3 Basic Controls to Improve your AWS Security Posture
foundational security measures to prevent getting rekt from hackers
Howdy anon, Celt here to talk about some foundational AWS security measures. Many people think these things are basic, yet every year we hear about hacks that occurred because of one of the following reasons. Consider these day 0 type security controls, these are basic. Regardless, security fundamentals are the most important, as more advanced security measures do not help if the foundation is not there. Again, some customers legitimately either do not know the following information, or just ignore it because they don’t realize the consequences. So lets start from the fundamentals and work our way up to the advanced controls.
Do not use the account root user
Always mentioned at almost every AWS security talk, yet people still dont get this right. Do not regularly (ideally ever) use the account root user. The account root user should be used for emergencies, if at all. The best practice would be to create an IAM role for admins. This probably sounds dumb, why not use the root account they have the same permissions in this case? There is a caveat that makes this incorrect. The reason for this is because the account root user cannot have privileges revoked or decreased. If someone has access to your account root user you are rekt, they can do anything on the account. Conversely, if a nefarious hacker were to get access to an admin account, you would be able to revoke the credentials and remove permissions from the user. Simple control that can save you from serious damage.
Turbo Note: You can set up monitoring for the account root user logins. It would look something like:
![](https://substackcdn.com/image/fetch/w_1456,c_limit,f_auto,q_auto:good,fl_progressive:steep/https%3A%2F%2Fbucketeer-e05bbc84-baa3-437e-9518-adb32be77984.s3.amazonaws.com%2Fpublic%2Fimages%2Fc26177db-92d8-481d-9343-25504649e071_819x116.png)
This is not going to cost you very much, and overall good for your posture to have some kind of monitoring in place. This will not cost you very much because Lambda is serverless compute, which has advantages you can read about on my previous post about serverless. If someone is using the account root user, you need find out and remediate the issue. Setting up alerting will allow you to do that. The output of this could even go into a compliance report. Would not be unusual for Info/Cyber sec folks to be tracking the number of account root user logins.
Use Multi-Factor Authentication (MFA)
Again, some of you probably think this is really dumb. But the security fundamentals are the cornerstone of security posture. Somewhere in your authentication process there should be at least a second form of authentication.
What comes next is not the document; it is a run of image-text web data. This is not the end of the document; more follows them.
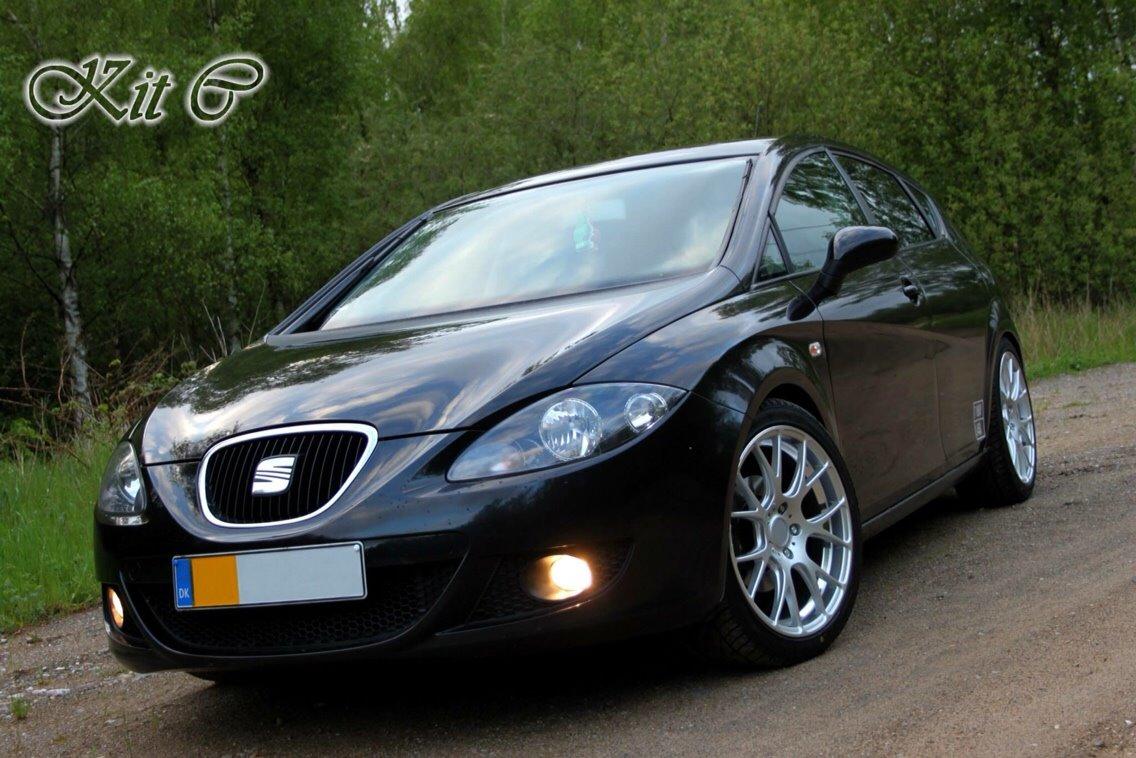 Seat Leon billede 17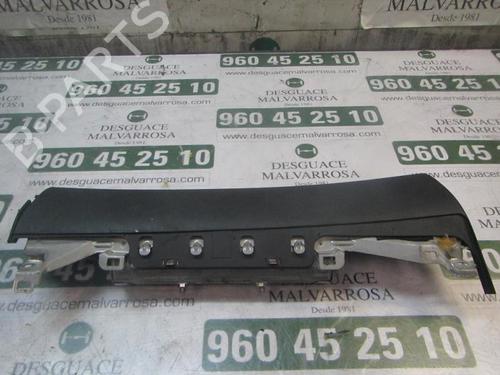 Used Left seat airbag LEXUS GS (_S19_) 300 (GRS190_, GRS190R) (249 hp) 3857522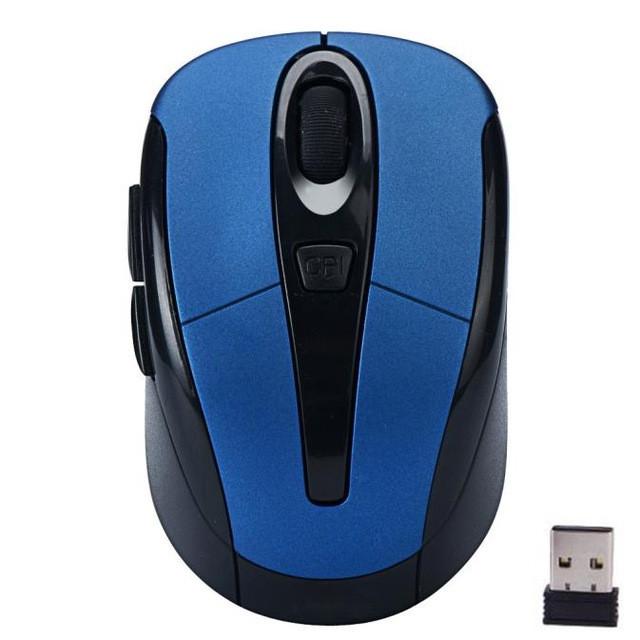 Hot Sale Malloom Portable Computer Accessories  Gaming Mouse 2.4G Wireless Optical Mouse Mice For Computer PC Laptop#30 Hot Sale Malloom Portable Computer Accessories  Gaming Mouse 2.4G Wireless Optical Mouse Mice For Computer PC Laptop#30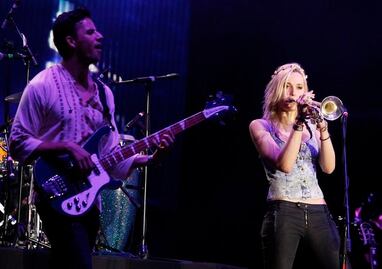 Hoy inicia el Festival de la Ciudad “Maxei”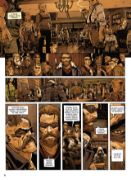 Obrázek Modrá CREW 36: Transportér 1-2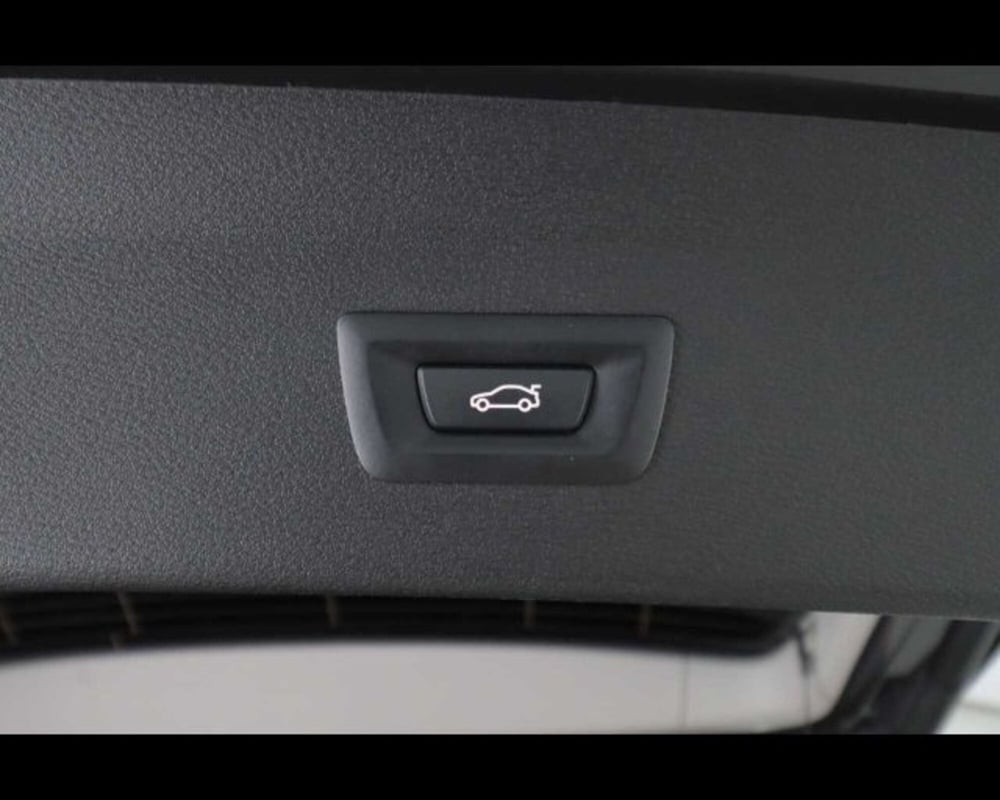 BMW X1 usata a Bologna (15)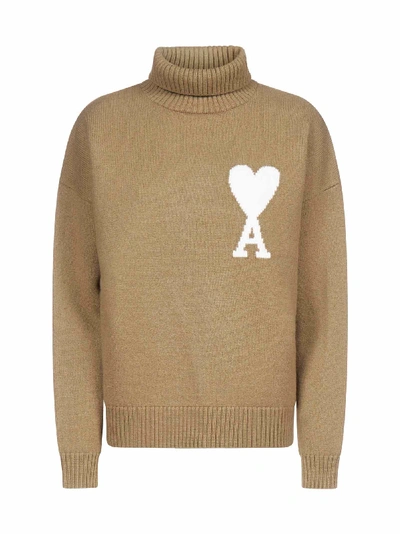 Ami Alexandre Mattiussi Sweater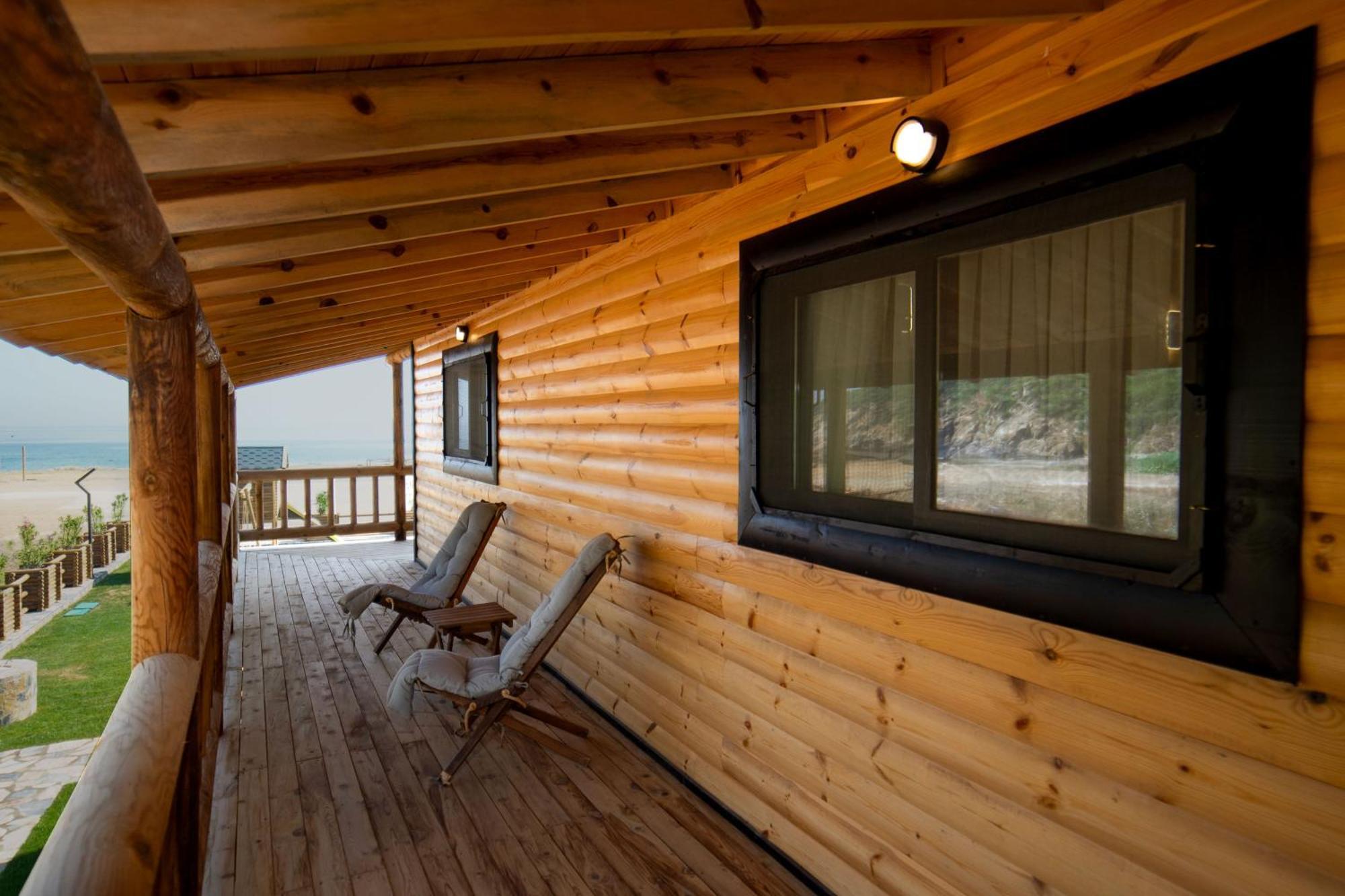 Bed and Breakfast Mukha Ormanli Экстерьер фото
Root account user 100% *needs* multi-factor, this is non-negotiable. At least for production account access there should be MFA enabled. For MFA we prefer hardware device or U2F security key > app generators like Duo > SMS. More from AWS on MFA here
Hacks are becoming more and more popular. No one wants to be the reason why, and cyber security is on the mind of every business leader. One of the easiest way to reduce your exposure for an attack is to enable MFA. You also may have MFA built into your federated authentication process, that is probably enough to check this box as well.
Overall, use MFA wherever you can. Easy way to reduce the probability of an attack, and if there is one, you can say you at least had MFA enabled.
Adhering to the principle of least privilege
Almost every AWS talk you are going to hear the phrase “following the principle of least privilege”. If you don’t listen to any talks, that is alright, because i do that for you. Simply put, least principle means giving only the permissions that are *needed*. Easy to say, but harder to implement and control in practice. It is paramount to not be cavalier with what permissions are given. This sounds obvious but in reality it is really easy just to give someone admin or full privileges to a service. This is a huge mistake. If you are applying for an AWS security engineer position or something like that, expect a question on how to implement and control least privilege. It is just that important. You would need to determine the different personas that need access to AWS, what services, and what service capabilities they would need access to. For example granular role for business analysts that has read only access to billing information on the organization root account. Not following least privilege would be something like just giving business analysts full access to the organization root account. If someone has permissions they don’t *need* its only a matter of time until it goes wrong.
Turbo note: security and developer productivity are on a pendulum. Not enough permissions and developer productivity is decreased, too much and they accidently nuke something. There needs to be a dialogue open with the different engineering departments to what their people need. These needs often change over time as new services are onboarded to the company’s approved services. The one role approach for all of engineering is a bad approach. One example: the full stack developers do not need access to the machine learning infrastructure, so taking the one engineering role approach is not going to work either.
Conclusion
Thanks for reading anons. I know for a lot of you this is probably basic, but really question if you are doing all of these things. The more advanced things I am going to cover is not going to be helpful if the above controls are not in place. Fundamentals are always the most important, nothing new here.